El Mercurio, viernes 28 de marzo de 2008.
Opinión

En Semana Santa

David Gallagher.

Las fiestas religiosas nos per-miten disfrutar de una pausa. Dan lugar a reflexiones trascendentales, que por un rato sustituyen a los quehaceres diarios.

Me lo digo mientras camino por Salzburgo, donde hemos venido para el festival de Semana Santa. Anoche, la Filarmónica de Berlín, la impecable orquesta del festival, dirigida por Simon Rattle, tocó «La creación» de Haydn. Era como si se quisiera conmemorar la acción más notable de Dios antes de la Resurrección, que celebrábamos ese mismo día domingo; el acto que la prefigura, el que nos permitió existir antes de caer en el pecado y necesitar ser redimidos.

El oratorio termina con las gracias que le dan Adán y Eva a Dios por su obra. Son los tiempos de la inocencia anterior a la manzana. Y -cosa prodigiosa- las optimistas efusiones de Adán son cantadas por Thomas Quasthoff, una víctima de la talidomida. Medirá un metro, o menos. Sus exiguos brazos terminan en muñones de los que brotan tres precarios dedos. Pero su rica voz de bajo invade el teatro y nos colma de emoción. Es la voz de triunfo ante la creación, y también la del triunfo del espíritu cuando, al nacer, todo parecía perdido.

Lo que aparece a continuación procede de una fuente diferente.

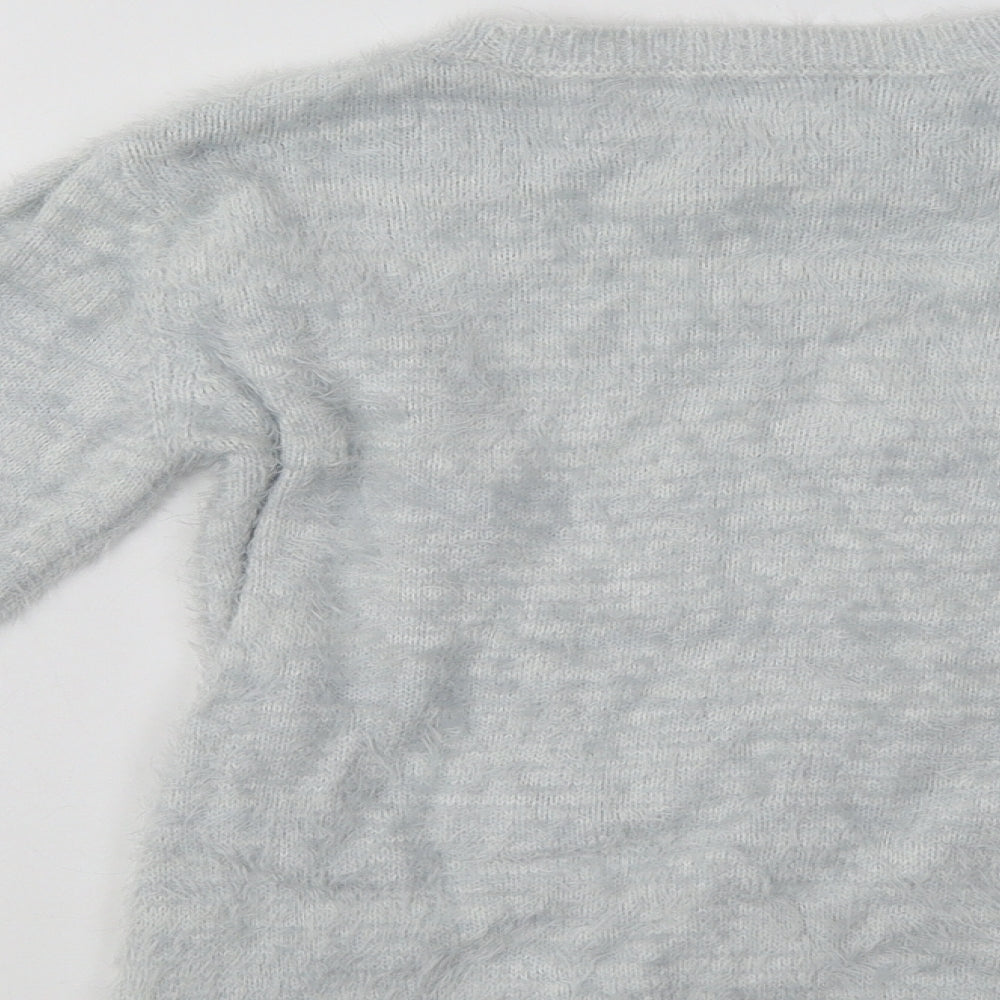 Nutmeg Girls Blue   Pullover Jumper Size 9-10 Years  - Unicorn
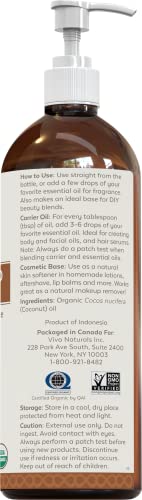 Organic Fractionated Coconut Oil 16Oz- Moisturizing Hair & Body Oil, Carrier Oil #TOP7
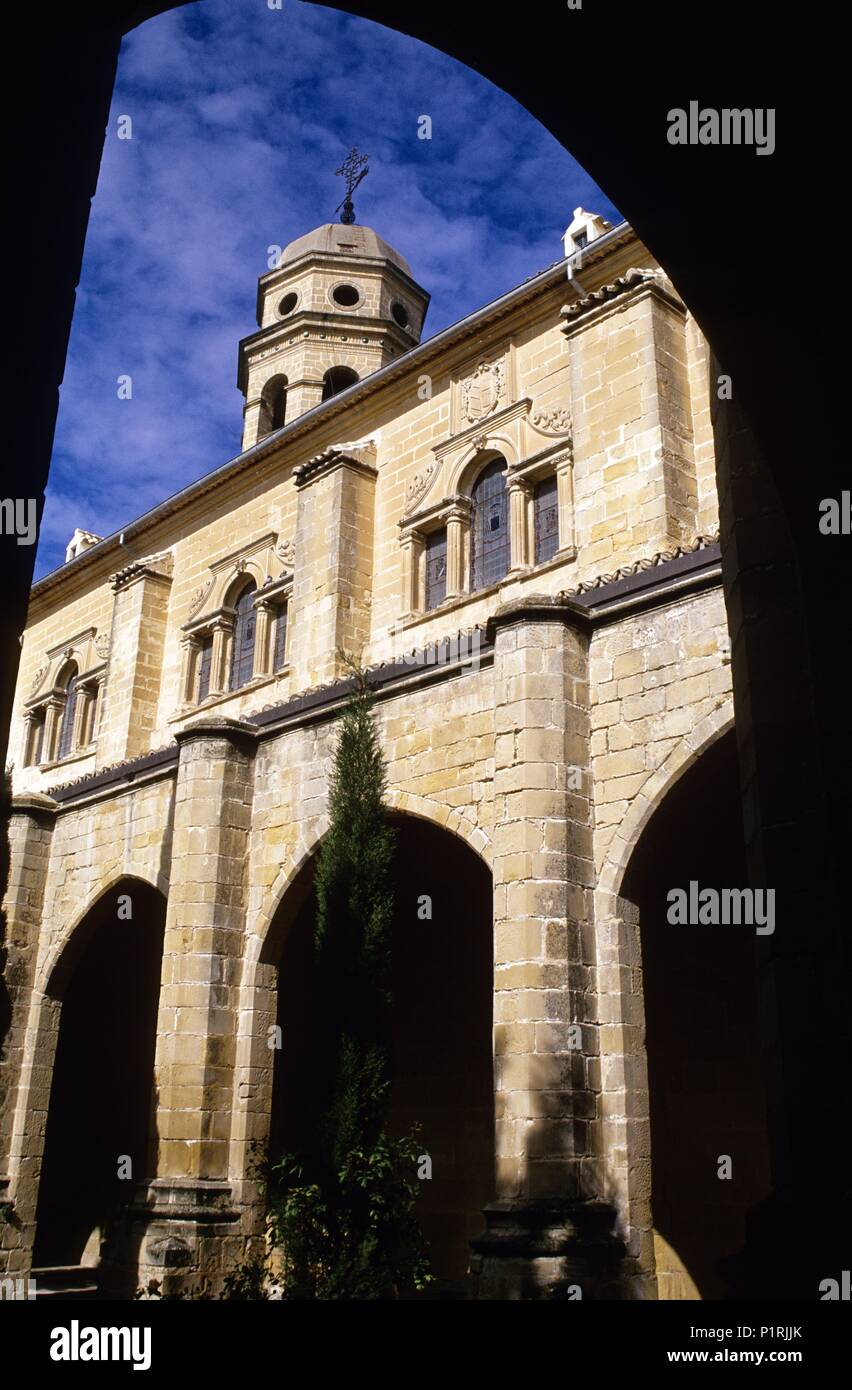 Baeza, Santa María Kathedrale Kreuzgang (Vandelvira, 16 Cent. / Renaissance). Stockfoto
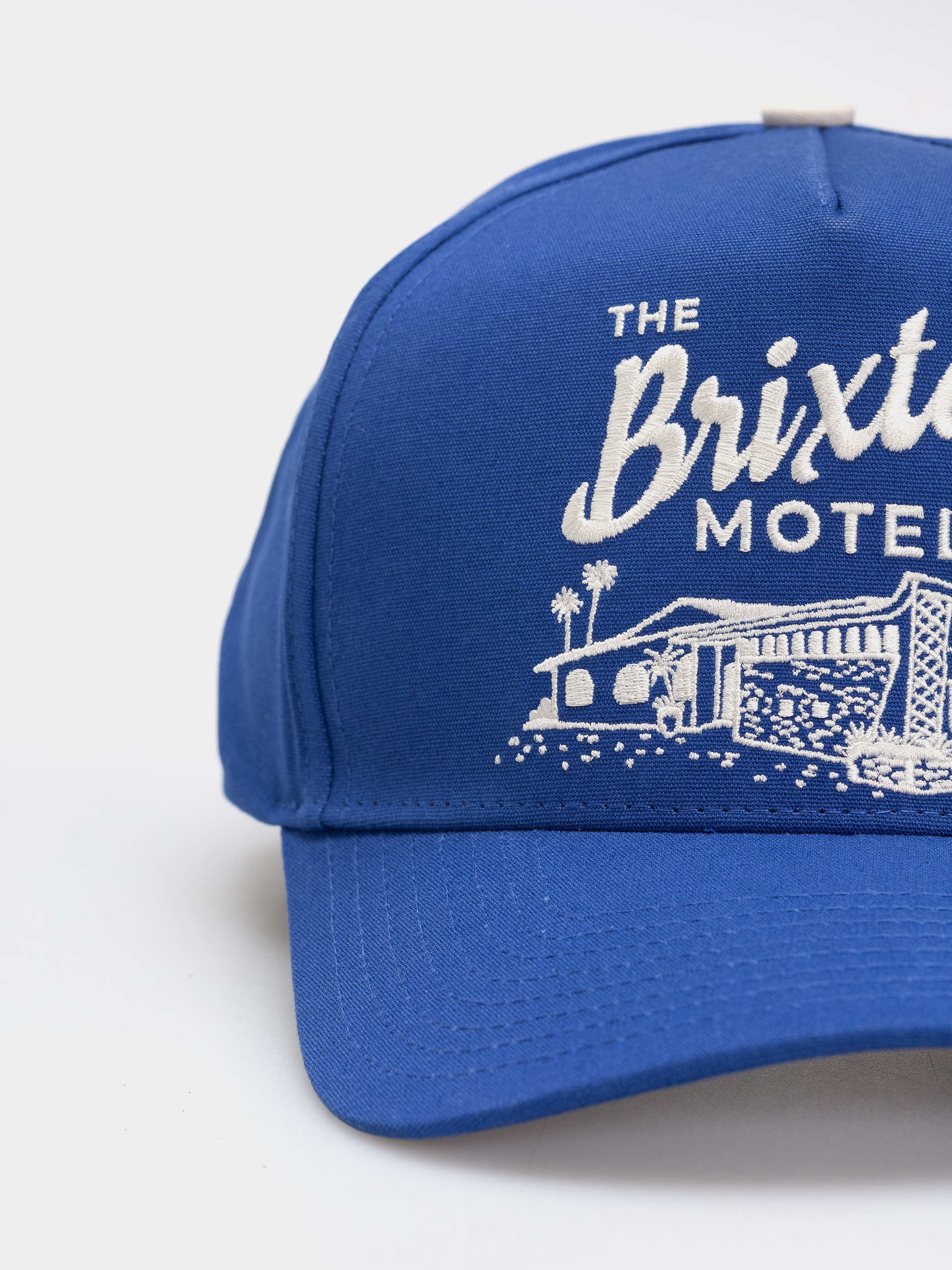 Шапка с козирка Brixton Motel C Np Hp Snapback (electric blue/off white)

La ciudad está blanca y sigue nevando. Es una nieve lenta y suave, de ésas que dan paz. El sábado había primavera. Un sol radiante destacaba los brotes de flores moradas en las ramas de las magnolias. Los que van al festival son invitados a un ensayo el sábado en la mañana. Rattle decidió darnos un regalo. «Con este día tan bonito», dijo, «vamos a ensayar solo unos 10 minutos, y de allí les vamos a tocar la ‘Pastoral'». La música quedará para siempre en la memoria de los que estuvimos allí. Es que estamos más preparados para un repentino golpe que para una inesperada alegría como ésa.

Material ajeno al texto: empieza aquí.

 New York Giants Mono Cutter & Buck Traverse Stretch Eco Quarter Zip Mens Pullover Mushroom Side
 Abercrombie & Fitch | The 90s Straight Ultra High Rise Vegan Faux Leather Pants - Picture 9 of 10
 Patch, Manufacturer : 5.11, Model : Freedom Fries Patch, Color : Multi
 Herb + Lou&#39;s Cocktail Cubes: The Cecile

Al festival llega gente de todo el mundo. Desde ya, de todos los centros financieros. Estos días han sido para muchos, entonces, un bienvenido momento de reflexión sobre la crisis mundial. En Chile no hemos tomado conciencia, todavía, de su portentoso tamaño. Me viene a la mente una antigua novela de Neville Shute, sobre un grupo de gente que, en una playa australiana, esperaba los mortales efectos de una guerra nuclear que se había librado en Europa. Los esperaba con incredulidad, porque en la arena blanca no parecía verosímil que se terminara el mundo. Así es nuestra inocencia frente a la crisis: estamos como Adán y Eva antes de que supieran que iban a perder el paraíso.

No es que venga el fin del mundo, pero sí un período complicado. Tras la caída de Bear Stearns, la gen-te se pregunta cuál será el próximo banco con problemas. El desafío de las autoridades es evitar que haya una cadena de corridas como la que hubo en la Gran Depresión. En un mercado que se debate entre la codicia y el miedo, el desafío es evitar que un sano miedo, uno que corrija excesos, desemboque en un pánico catastrófico.

Esta noche es la última del festival, y dan «Die Walküre», la segunda parte de la tetralogía de Wagner. La obra es, en uno de sus múltiples sentidos, una reflexión sobre la codicia, y sobre los peligros del voluntarismo excesivo. Ni Wotan, el dios, puede, para satisfacer su codicia, sobrepasar las reglas que él mismo ha creado y que están escritas en su lanza. Una advertencia para los banqueros, esos «maestros del universo» cuyo voluntarismo ayudó a que el mundo tuviera, en 2004-2007, el mejor cuatrienio en 20 años, pero que ahora, al toparse con la realidad, nos van a llevar a un crepúsculo como el de los dioses de Wagner. Uno que, no sin dolor, nos permita recuperar fuerzas para un próximo amanecer, que se dará no sé si en la primavera que viene, o la siguiente.